Cops set up fake ads to try and catch perpetrators
Posted at 10:12 PM, May 10, 2017

Teens in Whitefish Bay can no longer advertise in their neighborhood magazine, after reports of teens receiving several strange calls that were sexual in nature. 

"Bay Leaves" used to have a place for youth to solicit their services like dog walking and babysitting, which included a name, age and phone number.  Village Trustee Jay Saunders understands why the magazine stopped running the youth classified section.

"I think that was probably the best move, it's unfortunate," Saunders said.
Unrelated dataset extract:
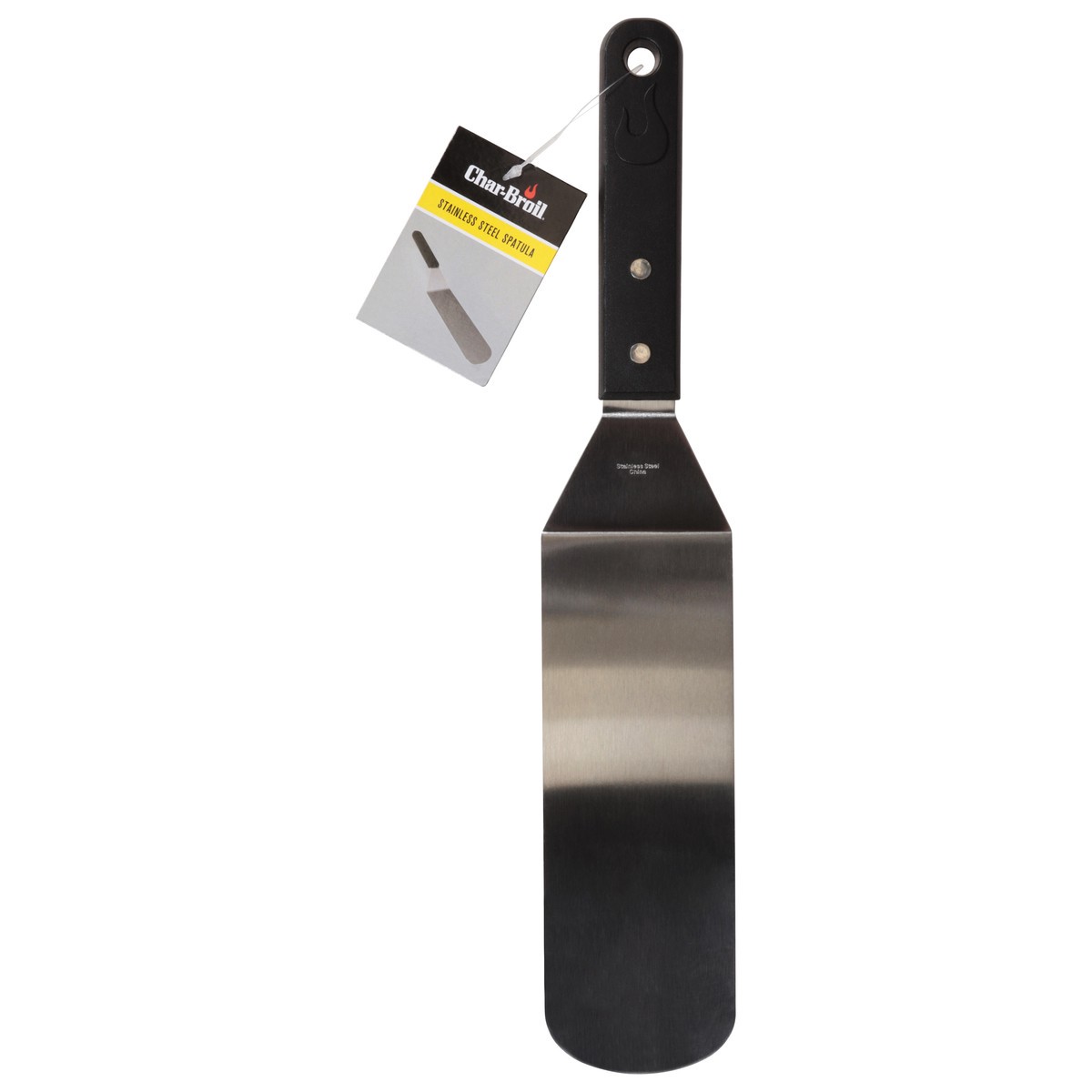 slide 4 of 4, Char Long Griddle Spatula - EA, 1 ct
A mom, whose daughter posted an ad in the magazine, contacted police when she got, "unsettling phone calls from an unknown man using a blocked phone number."

Police say seven girls between 12 and 16 got similar calls after the January issue ran.  Three of the girls actually talked to the man. 

"It was clear the conversation was of a sexual nature," said one 16-year-old. 

Saunders said you don't expect something like this to happen in Whitefish Bay.

"Whitefish Bay is a very is a very trusting community and it makes me wonder a little bit if that's why this person targeted Whitefish Bay," he said.

Police posted fake ads in the youth classifieds in February, but there were no more strange calls.  The caller never asked for addresses or to meet the girls.  Police didn't catch the creepy caller, but said there is no longer a threat.